Iniziata la riqualificazione del verde pubblico. Sicurezza per i cittadini e tutela del patrimonio arboreo

Sono iniziati gli interventi per la riqualificazione del verde pubblico, si tratta di azioni necessarie per la tutela della sicurezza dei cittadini e del patrimonio arboreo.

Le operazioni riguarderanno fondamentalmente la sostituzione di alcuni filari alberati sostituendo quelli pericolosi che, secondo il parere tecnico dell’agronomo, potrebbero generare danni, anche gravi, a persone e a cose. Si tratta in particolare degli esemplari di pioppi cipressini che arrivati alla fine naturale del loro ciclo di vita sono diventati fragili ed a rischio di caduta, soprattutto a seguito dell’evidente cambiamento climatico, di cui siamo tutti testimoni, che produce eventi atmosferici estremi che ricadono sulla tenuta di questi esemplari di alberi che per le loro caratteristiche sono anche poco compatibili con i nostri territori altamente urbanizzati.

Si procederà con la rimozione di tutti gli alberi a rischio di caduta, a cui seguiranno interventi per il ripristino dei cordoli dei viali e dei rigonfiamenti nella pavimentazione dovuti alla crescita delle radici, infine verranno messe a dimora delle nuove specie di alberi, adatte al sedime stradale e più resistenti alle modifiche del clima avvenute negli ultimi anni.
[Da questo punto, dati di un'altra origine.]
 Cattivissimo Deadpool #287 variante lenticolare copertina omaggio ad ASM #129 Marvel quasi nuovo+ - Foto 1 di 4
Gli altri alberi che non sono pericolosi, tali da richiederne la sostituzione, sono in fase di monitoraggio in modo da valutare al meglio eventuali interventi successivi.
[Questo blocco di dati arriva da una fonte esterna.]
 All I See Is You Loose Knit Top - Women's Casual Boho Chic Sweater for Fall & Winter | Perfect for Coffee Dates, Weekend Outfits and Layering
La grave emergenza sanitaria in corso, dovuta al Covid, ha generato ritardi nelle procedure di appalto, si sta cercando di eseguire i ripristini già in questo mese di marzo e, in caso di problemi indipendenti dalla nostra volontà, si completeranno gli interventi al più tardi nel prossimo autunno.

Vorremmo sottolineare che amiamo e rispettiamo il nostro verde pubblico, questo in programma è un importante intervento a favore degli alberi e del verde della città. Non intervenire vorrebbe dire lasciare gli alberi e vederli cadere uno alla volta nei prossimi due, tre anni, ed anche prima in caso di eventi climatici sfavorevoli, con gravi rischi per l’incolumità delle persone e per i beni sia privati che pubblici.